- _The problem_
Reproduce the entries in full. Exclude all images from the copy.

Content starts

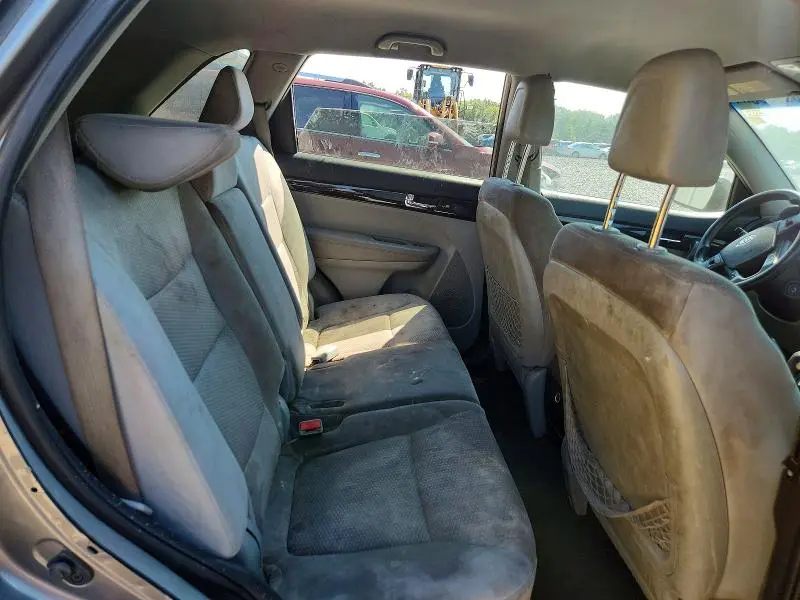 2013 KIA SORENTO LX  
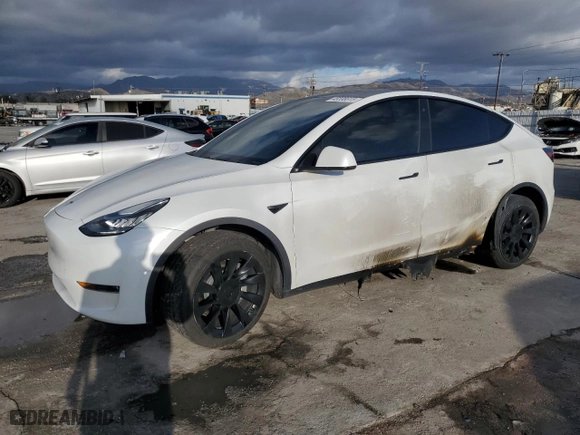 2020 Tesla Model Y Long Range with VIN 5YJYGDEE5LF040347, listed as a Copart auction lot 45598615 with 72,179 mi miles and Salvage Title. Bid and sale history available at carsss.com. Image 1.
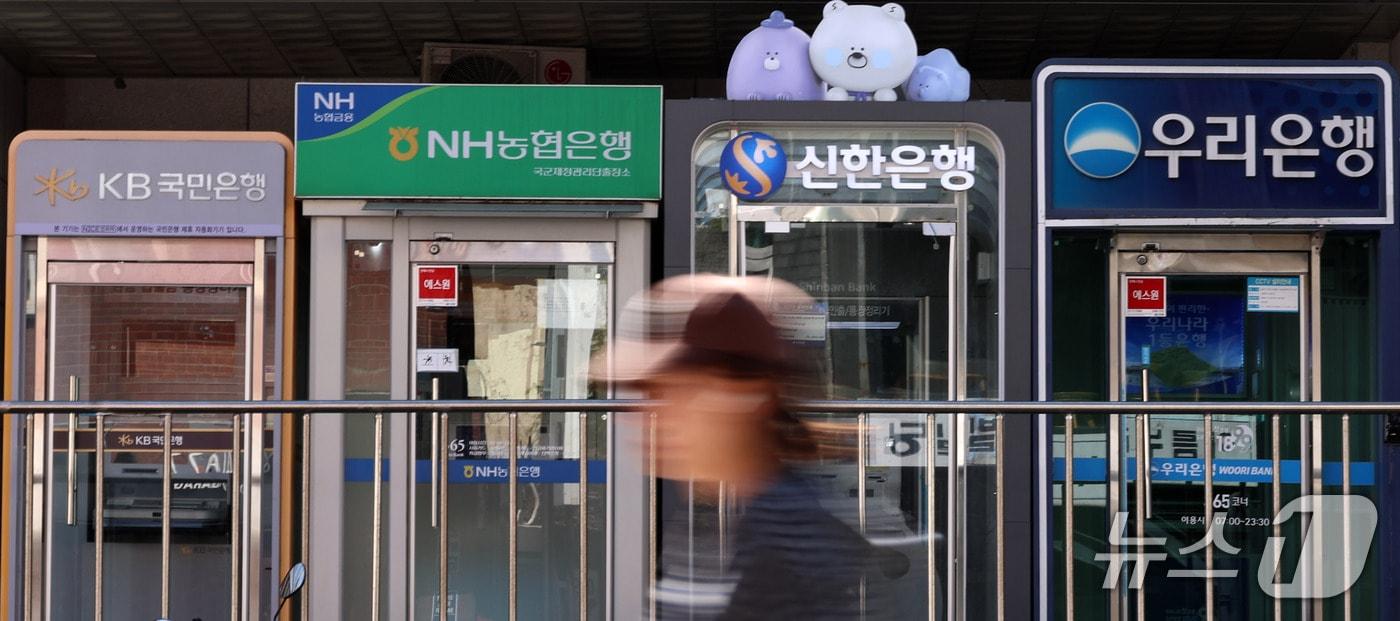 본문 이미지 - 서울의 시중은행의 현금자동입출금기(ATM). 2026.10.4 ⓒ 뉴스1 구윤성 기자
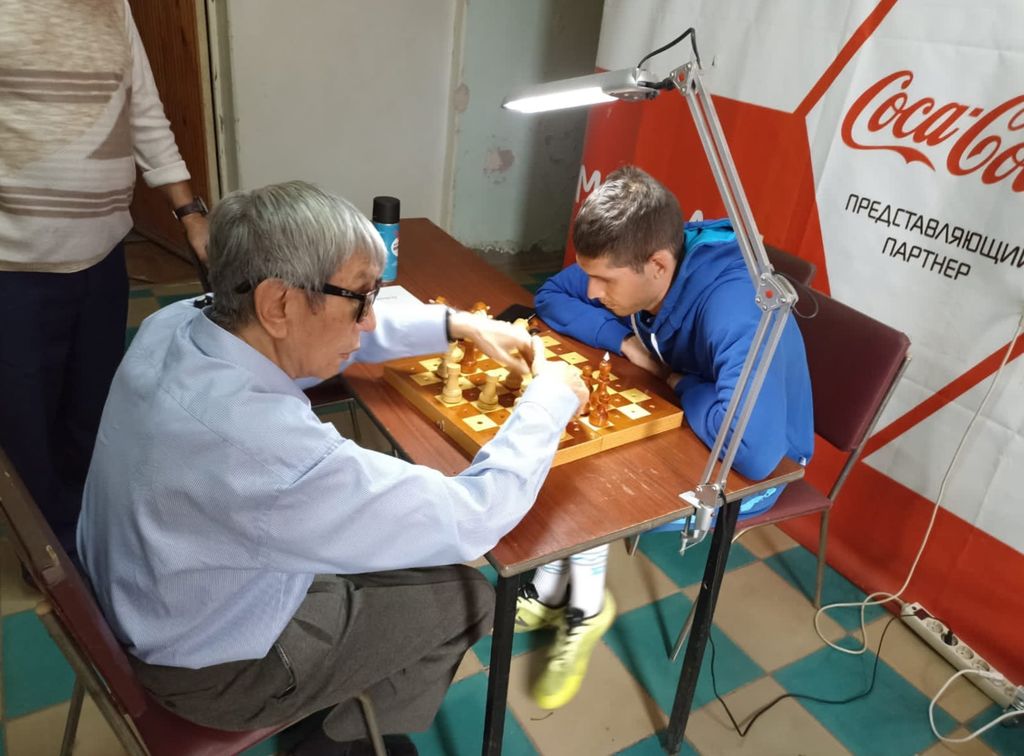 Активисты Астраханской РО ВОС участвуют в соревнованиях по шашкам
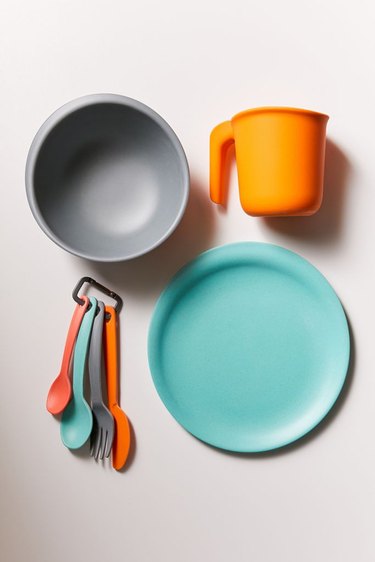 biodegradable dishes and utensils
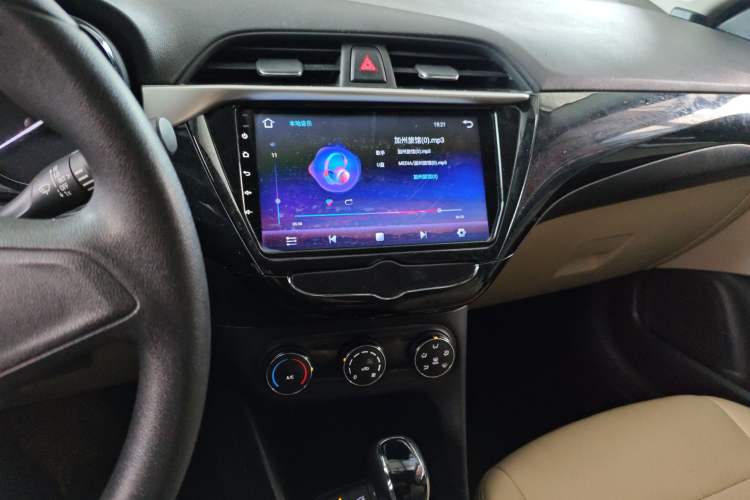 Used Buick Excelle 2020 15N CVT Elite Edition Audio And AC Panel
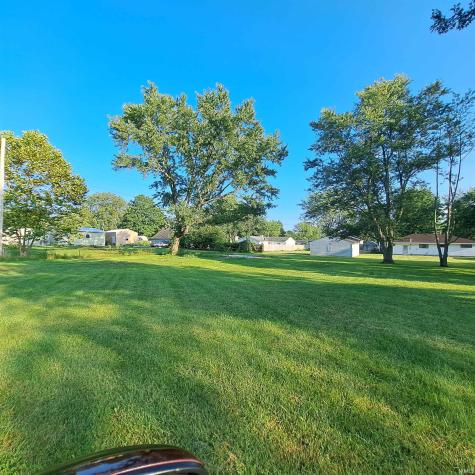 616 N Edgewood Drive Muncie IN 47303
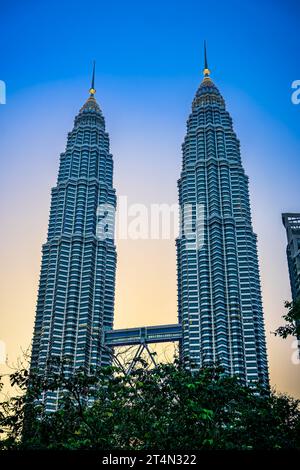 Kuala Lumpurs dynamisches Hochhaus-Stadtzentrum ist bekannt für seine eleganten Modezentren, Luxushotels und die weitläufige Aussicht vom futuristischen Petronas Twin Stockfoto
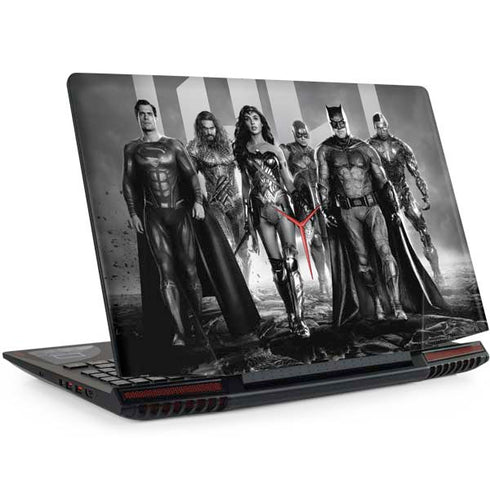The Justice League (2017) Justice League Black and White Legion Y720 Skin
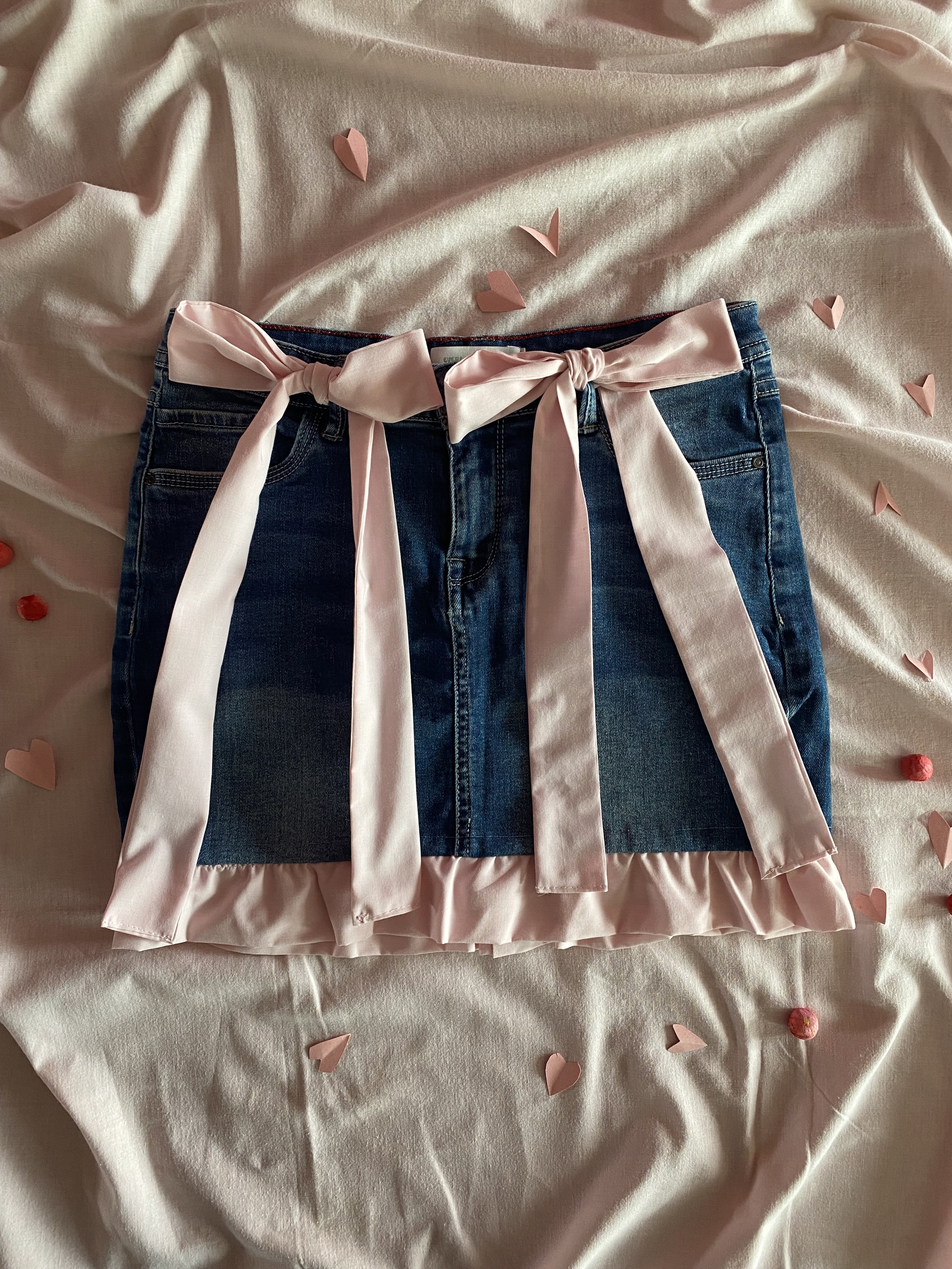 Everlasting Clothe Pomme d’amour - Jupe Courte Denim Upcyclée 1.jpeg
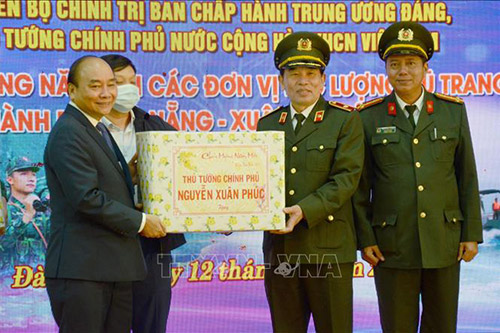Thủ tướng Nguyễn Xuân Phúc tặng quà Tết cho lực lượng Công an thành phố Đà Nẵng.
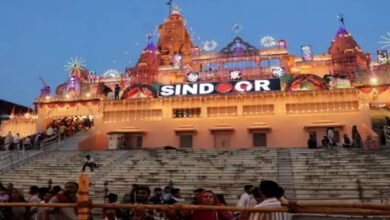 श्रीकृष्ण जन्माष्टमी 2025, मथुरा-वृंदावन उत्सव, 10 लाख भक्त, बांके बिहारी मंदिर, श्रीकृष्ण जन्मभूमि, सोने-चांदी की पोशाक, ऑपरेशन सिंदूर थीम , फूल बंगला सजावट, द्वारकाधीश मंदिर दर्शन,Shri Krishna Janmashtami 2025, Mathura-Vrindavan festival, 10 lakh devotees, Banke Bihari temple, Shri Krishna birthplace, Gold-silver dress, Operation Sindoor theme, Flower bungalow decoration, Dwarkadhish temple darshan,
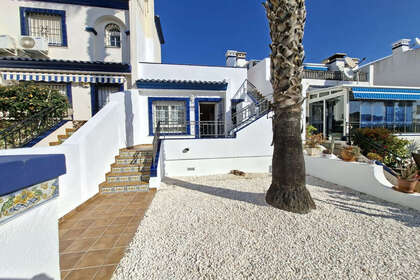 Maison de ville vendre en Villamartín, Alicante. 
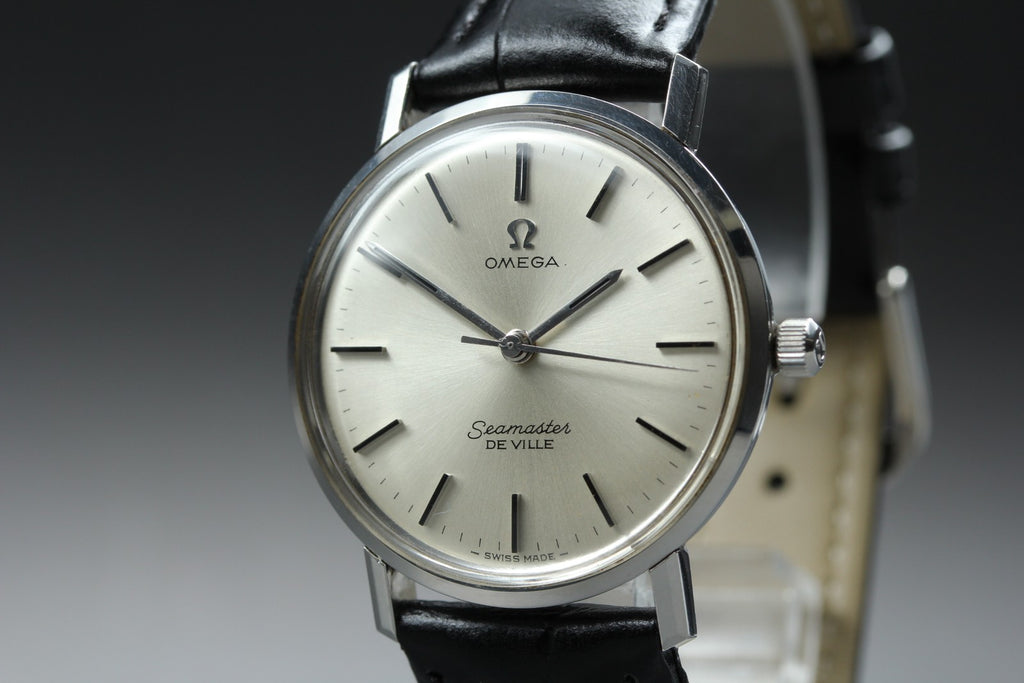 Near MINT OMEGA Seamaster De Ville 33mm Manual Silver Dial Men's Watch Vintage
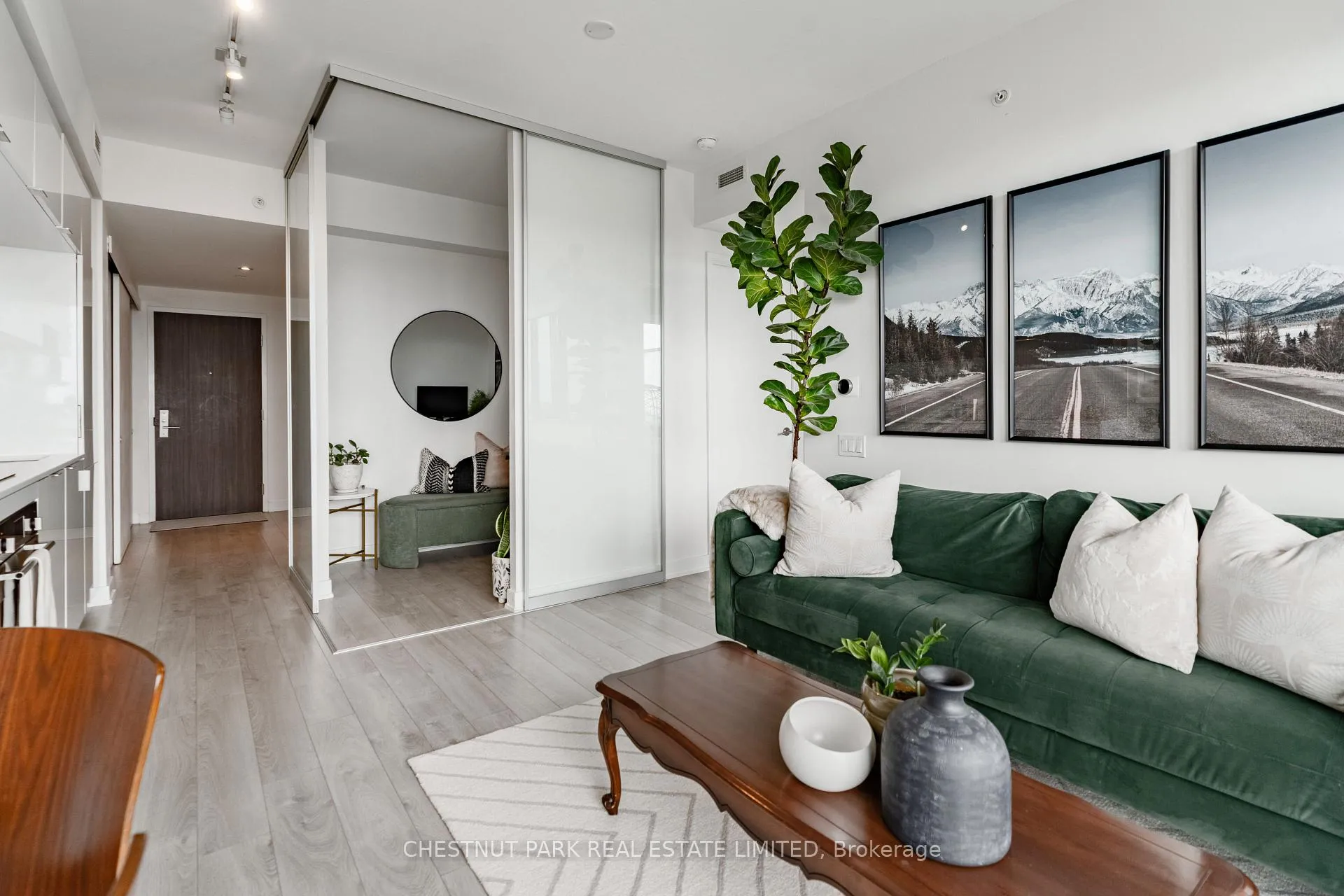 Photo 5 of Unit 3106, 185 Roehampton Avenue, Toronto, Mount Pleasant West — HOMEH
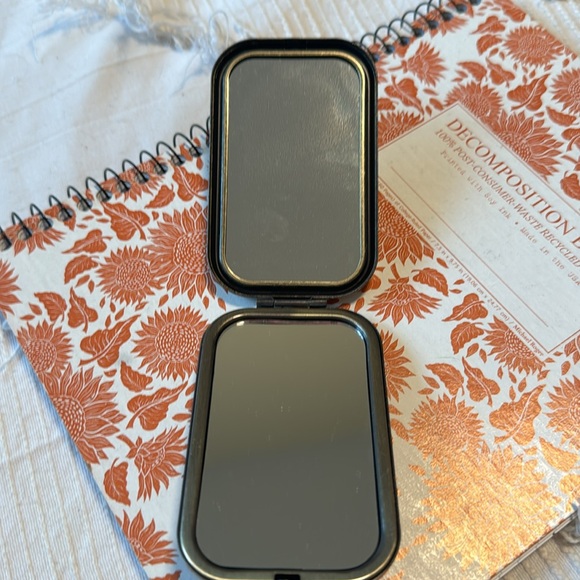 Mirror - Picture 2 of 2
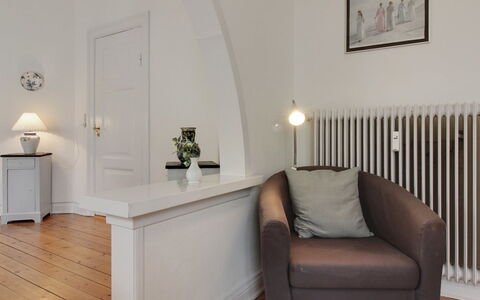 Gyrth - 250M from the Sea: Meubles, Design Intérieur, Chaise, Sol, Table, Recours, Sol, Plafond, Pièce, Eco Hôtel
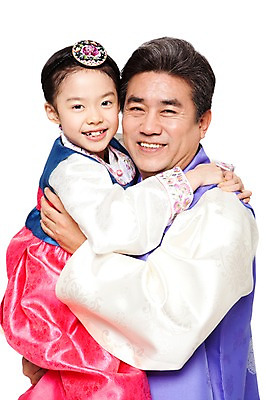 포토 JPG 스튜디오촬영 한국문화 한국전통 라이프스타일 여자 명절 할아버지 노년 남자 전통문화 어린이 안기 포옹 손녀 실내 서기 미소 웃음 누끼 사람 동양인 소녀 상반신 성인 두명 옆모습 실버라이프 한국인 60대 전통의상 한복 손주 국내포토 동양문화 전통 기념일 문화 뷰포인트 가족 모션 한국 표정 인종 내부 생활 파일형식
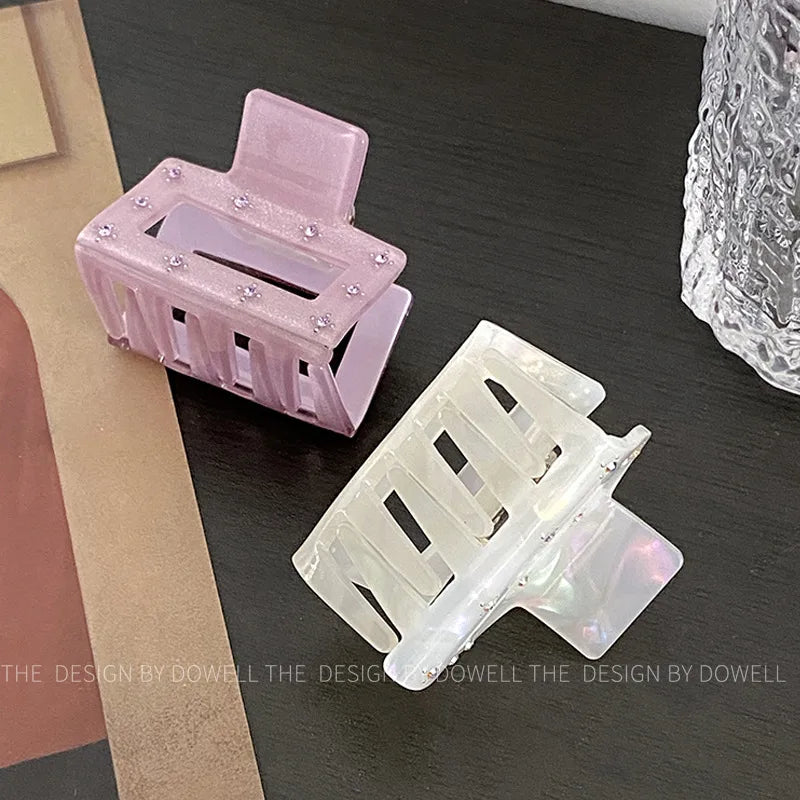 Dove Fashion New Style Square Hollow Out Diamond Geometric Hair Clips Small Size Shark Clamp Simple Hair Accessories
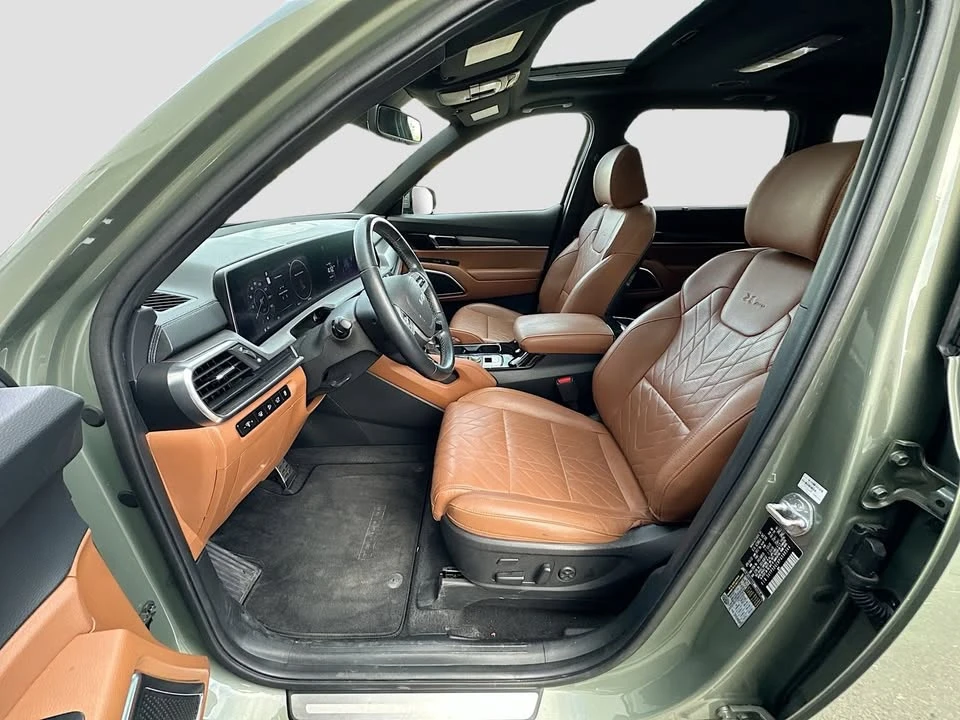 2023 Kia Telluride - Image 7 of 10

Content ends

- _Problem solution_
 2013 KIA SORENTO LX  
 2020 Tesla Model Y Long Range with VIN 5YJYGDEE5LF040347, listed as a Copart auction lot 45598615 with 72,179 mi miles and Salvage Title. Bid and sale history available at carsss.com. Image 1.
 본문 이미지 - 서울의 시중은행의 현금자동입출금기(ATM). 2026.10.4 ⓒ 뉴스1 구윤성 기자
 Активисты Астраханской РО ВОС участвуют в соревнованиях по шашкам
 biodegradable dishes and utensils
 Used Buick Excelle 2020 15N CVT Elite Edition Audio And AC Panel
 616 N Edgewood Drive Muncie IN 47303
 Kuala Lumpurs dynamisches Hochhaus-Stadtzentrum ist bekannt für seine eleganten Modezentren, Luxushotels und die weitläufige Aussicht vom futuristischen Petronas Twin Stockfoto
The Justice League (2017) Justice League Black and White Legion Y720 Skin
 Everlasting Clothe Pomme d’amour - Jupe Courte Denim Upcyclée 1.jpeg
Thủ tướng Nguyễn Xuân Phúc tặng quà Tết cho lực lượng Công an thành phố Đà Nẵng.
 श्रीकृष्ण जन्माष्टमी 2025, मथुरा-वृंदावन उत्सव, 10 लाख भक्त, बांके बिहारी मंदिर, श्रीकृष्ण जन्मभूमि, सोने-चांदी की पोशाक, ऑपरेशन सिंदूर थीम , फूल बंगला सजावट, द्वारकाधीश मंदिर दर्शन,Shri Krishna Janmashtami 2025, Mathura-Vrindavan festival, 10 lakh devotees, Banke Bihari temple, Shri Krishna birthplace, Gold-silver dress, Operation Sindoor theme, Flower bungalow decoration, Dwarkadhish temple darshan,
 Maison de ville vendre en Villamartín, Alicante. 
 Near MINT OMEGA Seamaster De Ville 33mm Manual Silver Dial Men's Watch Vintage
 Photo 5 of Unit 3106, 185 Roehampton Avenue, Toronto, Mount Pleasant West — HOMEH
 Mirror - Picture 2 of 2
 Gyrth - 250M from the Sea: Meubles, Design Intérieur, Chaise, Sol, Table, Recours, Sol, Plafond, Pièce, Eco Hôtel
 포토 JPG 스튜디오촬영 한국문화 한국전통 라이프스타일 여자 명절 할아버지 노년 남자 전통문화 어린이 안기 포옹 손녀 실내 서기 미소 웃음 누끼 사람 동양인 소녀 상반신 성인 두명 옆모습 실버라이프 한국인 60대 전통의상 한복 손주 국내포토 동양문화 전통 기념일 문화 뷰포인트 가족 모션 한국 표정 인종 내부 생활 파일형식
 Dove Fashion New Style Square Hollow Out Diamond Geometric Hair Clips Small Size Shark Clamp Simple Hair Accessories
 2023 Kia Telluride - Image 7 of 10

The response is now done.